The key reason Covid-19 is troubling Alkhanshali isn’t just the doom surrounding the global coffee trade, but the obligation he feels to his producers – his biggest motivation for overcoming the many setbacks his company has already overcome in its short existence. ‘I have promised these farmers something. I told them that if they produced higher quality coffee, I would sell it for them. When you give people hope, especially in countries like Yemen, it is a very heavy burden to bear.’

Port of Mokha’s coffee sells for as much as $16 a cup – arguably worth it when you consider it earned the highest score ever awarded in the 25-year history of the prestigious grading programme by Coffee Review. James Freeman, the founder of Blue Bottle Coffee, has even described it as ‘tasting like angels singing’.
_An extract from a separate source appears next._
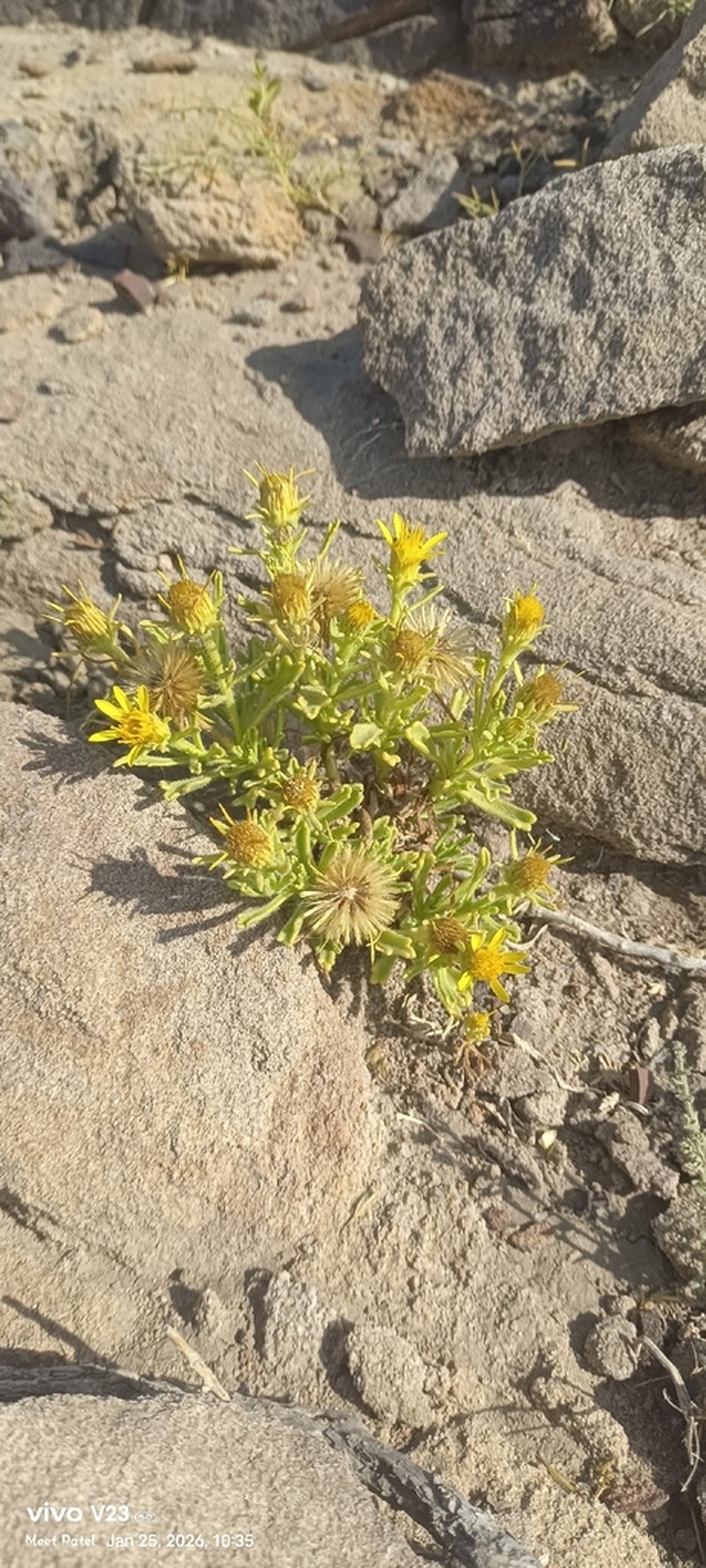 Iphiona grantioides photo 6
A lot has also gone wrong for Alkhanshali, despite his many successes. Dave Eggers found his never-say-die attitude so compelling he wrote a book about him called The Monk of Mokha, which went on to become a New York Times bestseller. Eggers describes Alkhanshali’s voyage to Yemen, learning about the coffee of his homeland, as well the story of his escape from Yemen after the outbreak of war in 2015.

On living amid conflict, Alkhanshali says: ‘Even after seeing the bombs dropping, it was very difficult to wake up into the reality of a war. To feel the earth shake, smelling death and smoke, hearing the screams of women and children, and not to know if you will even live to see the morning…’

Still, Alkhanshali was determined to leave Yemen to attend the Specialty Coffee Association of America’s annual conference in Seattle to showcase his coffee. Despite the country’s airports having been bombed, he undertook a perilous journey to get back to the US in time for the tasting – which would lead to him being shot at, kidnapped, nearly blown up by suicide bombers, drowned, and arrested when he finally reached Djibouti. ‘They thought I was a smuggler,’ he says. ‘Nobody believed that this kid would leave America to go and sell coffee in Yemen during a war.’ ‘When you go through difficult times you don’t realise how tough it was until you look at it retrospectively,’ he says. ‘When you are in a difficult situation there are just two options: first, you just give up. Second, you are endlessly optimistic, you keep finding new solutions even if there is no logical way to succeed. And I think that takes having a tough mind.’